Three More Things You Need to Know About Getting Rid of Crows

  • No matter which method you use to get rid of crows, make a point of dispersing crows after sundown but before it gets dark. Dispersing crows at dusk forces them to look for a new roosting space, which is extremely inconvenient to them. If you time your crow dispersal methods so crows can never spend the night, they may eventually leave your property for good.
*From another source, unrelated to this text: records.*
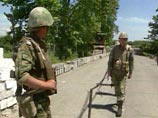 Эксперты ООН подтверждают, что бой пограничников со спецназом Грузии произошел в Абхазии
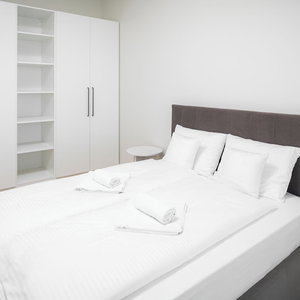 Hotel Apartamenty Sun & Snow Lowen Marina cazare Gizycko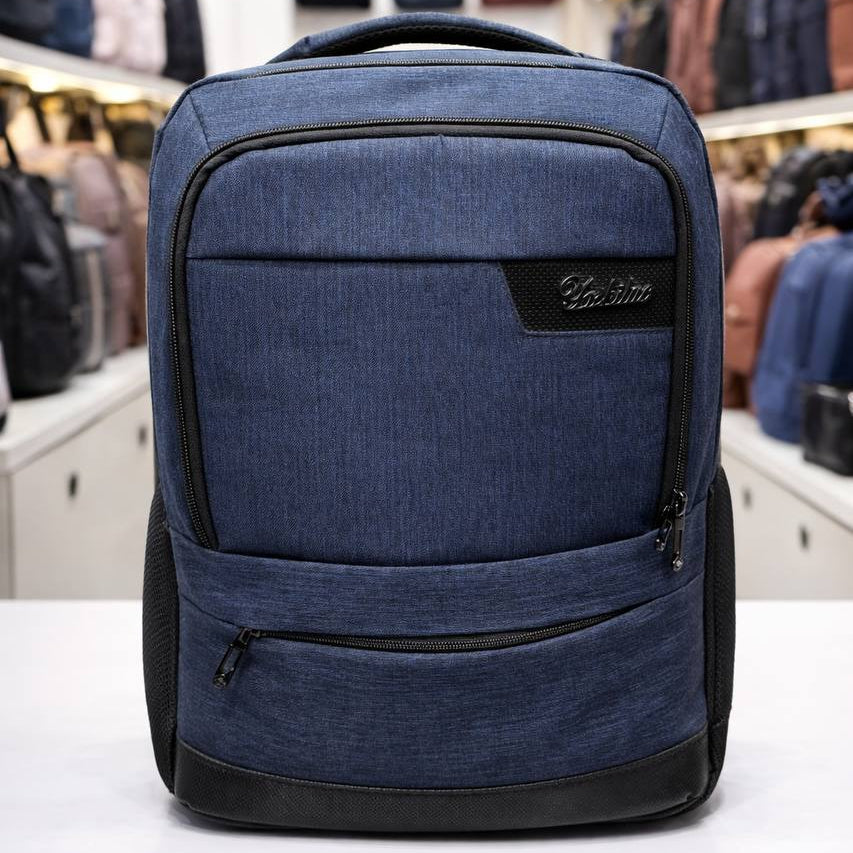 Sac à Dos Élégant et Pratique – Design Moderne 3 Couleurs
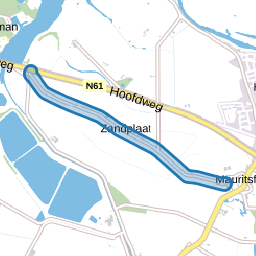 Zandplaatweg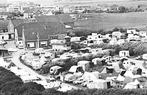 975079 Koudekerke Zeeland 1966 Camping de Dishoek .Gelopen, Ophalen of Verzenden, 1960 tot 1980, Gelopen, Zeeland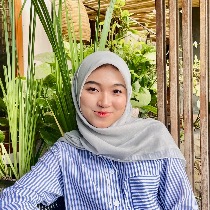 Farah Dinah Nasution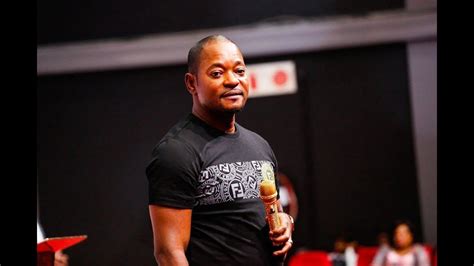 Dealing With The Spirit Of Insecurity Part Pastor Alph Lukau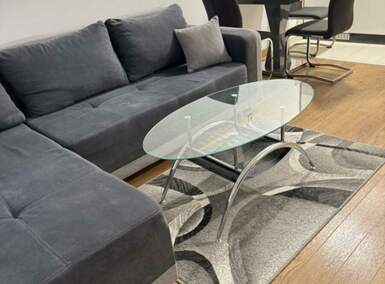 Dvosoban stan, Novi Sad, izdavanje, 40m2, 550e, id1466797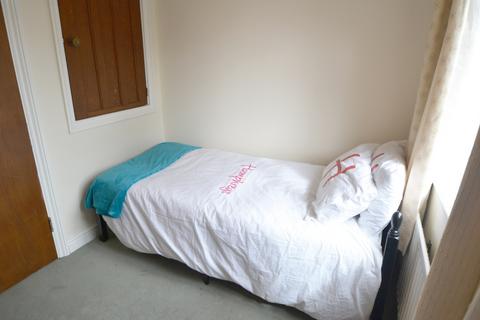 undefined, Rutland Road, West Bridgford NG2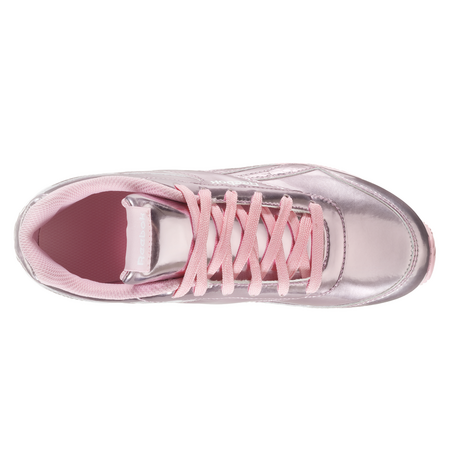 Reebok Royal Classic Jogger 2.0 Kids (Light Pin Metallic)
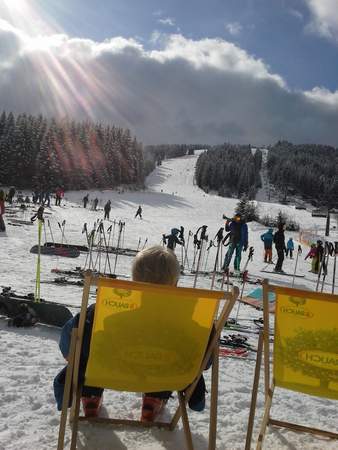 Gruppenreise Ski und Apres Ski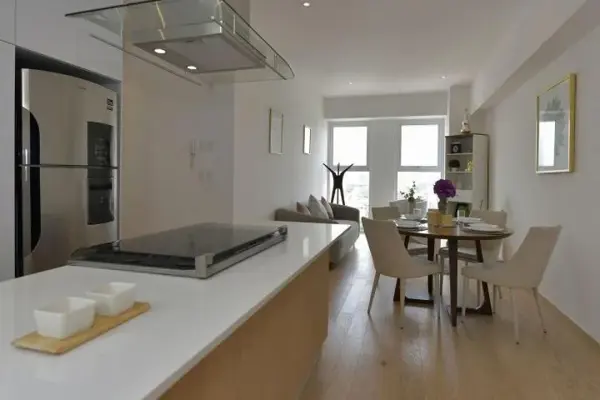 Departamento en venta en Portales Norte, Benito Juárez — foto 2 de 21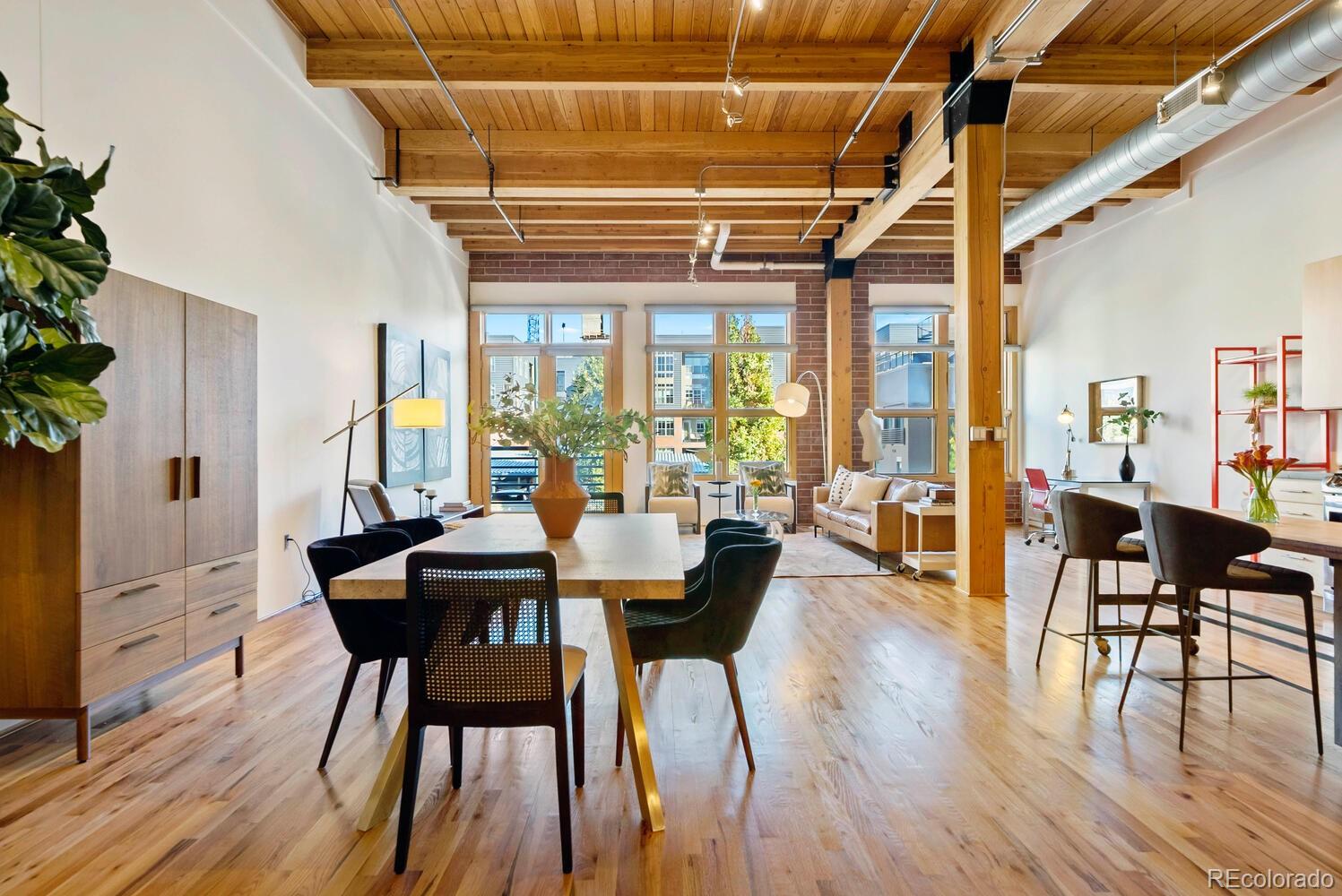2955 Inca Street Unit: 2E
If you don’t keep them from roosting at night, it’s unlikely you will ever get rid of them entirely.
  • Start using crow deterrents in the early spring (or early fall, if you live where crows like to spend the winter). Crows are migratory birds. They scout out new locations for feeding and roosting every time they migrate. Keep your property off their list of feeding and breeding grounds by acting as soon as they arrive.
  • Young crows sometimes hang around for a year after they leave the nest to help their parents raise the next generation of chicks. If you permit crows to nest and raise their young (and you can’t kill them because of US and Canadian laws), you won’t just get another year of baby crows, their older brothers and sisters will stay on your property too.

There isn’t any single legal method of getting rid of crows from your property that will rid your property of crows forever.

But applying all of these methods from time to time you can keep the invasion of crows to a minimum.